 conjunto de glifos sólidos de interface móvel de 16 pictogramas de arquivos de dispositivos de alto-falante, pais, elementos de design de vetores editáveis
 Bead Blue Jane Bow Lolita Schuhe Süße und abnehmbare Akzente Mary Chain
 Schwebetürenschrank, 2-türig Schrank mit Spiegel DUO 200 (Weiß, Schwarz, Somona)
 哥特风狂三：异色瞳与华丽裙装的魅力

**********

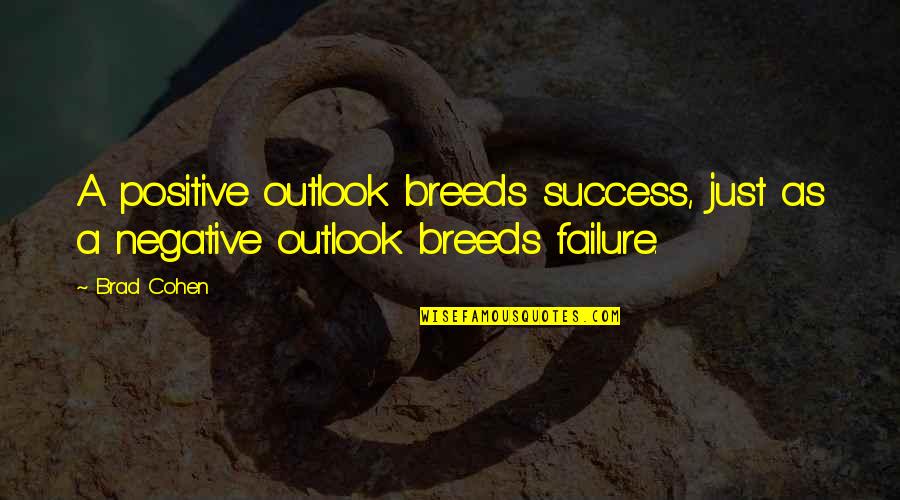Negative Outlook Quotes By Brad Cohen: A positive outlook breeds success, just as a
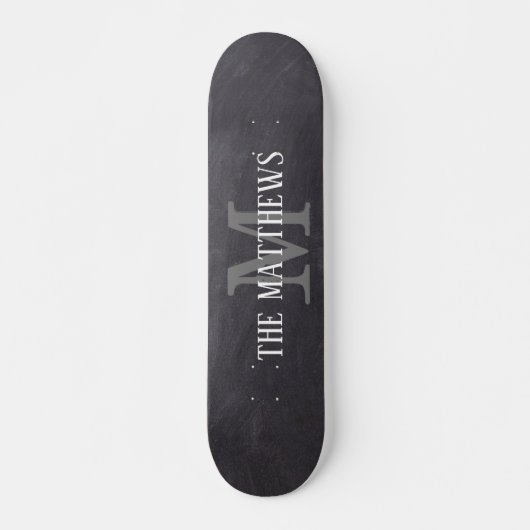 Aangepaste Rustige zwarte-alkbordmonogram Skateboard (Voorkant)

**********

- _YOUR OBJECTIVE_: In the listing above, the lines from the one containing "conjunto de glifos" through the one containing "哥特风狂三：异色瞳与华丽裙装的魅力" must be set down exactly, with no other lines.

- _EXERCISE OUTPUT_:
 conjunto de glifos sólidos de interface móvel de 16 pictogramas de arquivos de dispositivos de alto-falante, pais, elementos de design de vetores editáveis
 Bead Blue Jane Bow Lolita Schuhe Süße und abnehmbare Akzente Mary Chain
 Schwebetürenschrank, 2-türig Schrank mit Spiegel DUO 200 (Weiß, Schwarz, Somona)
 哥特风狂三：异色瞳与华丽裙装的魅力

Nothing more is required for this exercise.